$\DeclareMathOperator\Spa{Spa}$What are the points of $\Spa\mathbb{Z}_p$? I read in Scholze-Weinstein that this adic spectrum consists of 2 points, a special point, which corresponds to the pullback of the trivial valuation on $\mathbb{F}_p$ and a generic point (corresponding to the $p$-adic absolute value?), but what about the trivial valuation?
Let's denote these 3 valuations by $v_s, v_p, v_t$ for specialized, $p$-adic, and trivial.

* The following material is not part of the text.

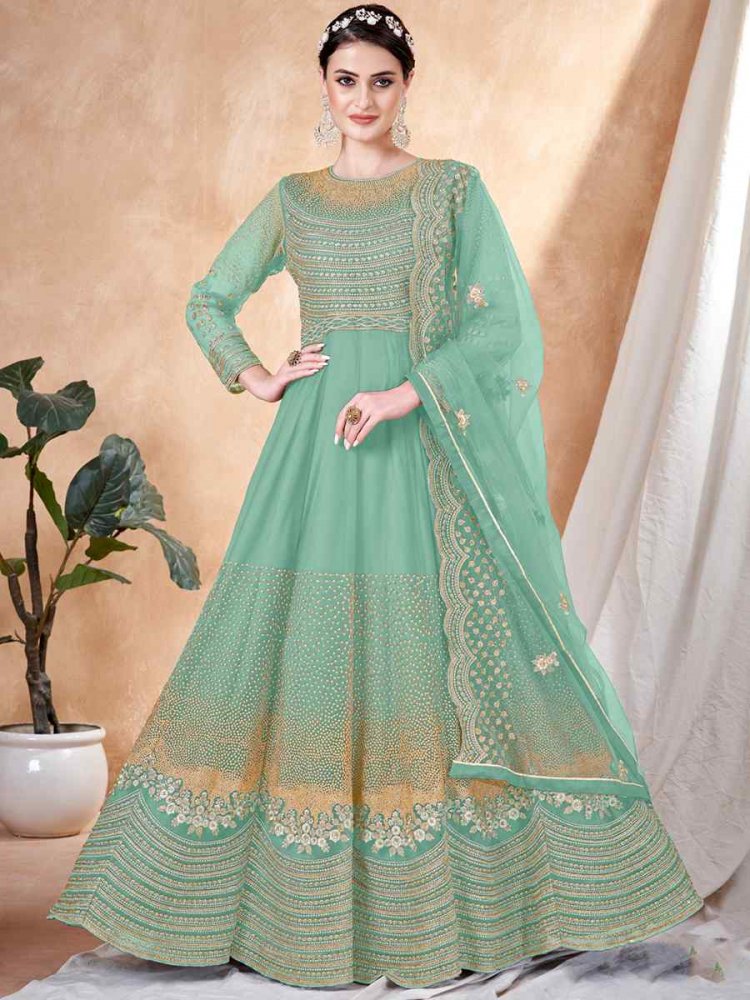 Sea Green Net Embroidered Festival Wedding Anarkali Salwar Kameez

Then I claim that these 3 valuations are pairwise unequivalent.
$(v_s,v_p)$: consider $0,p\in \mathbb{Z}_p$, then $|0|_s\ge |p|_s$ as both are $0$, but $|p|_p = 1/p > 0 = |0|_p$, implying that the two absolute values are inequivalent.
$(v_s,v_t)$: consider $0,p\in \mathbb{Z}_p$, then $|0|_s\ge |p|_s$ as both are $0$, but $|p|_t = 1 > 0 = |0|_t$, implying that the two absolute values are inequivalent.
$(v_p,v_t)$: consider $p,p^2\in \mathbb{Z}_p$, then $|p^2|_t \ge |p|_t$ as both are $1$, but $|p^2|_p = 1/p^2 < 1/p = |p|_p$.
Then my question is, doesn't this mean that $\Spa\mathbb{Z}_p$ has at least 3 points?
EDIT: just realized that the trivial valuation is not continuous.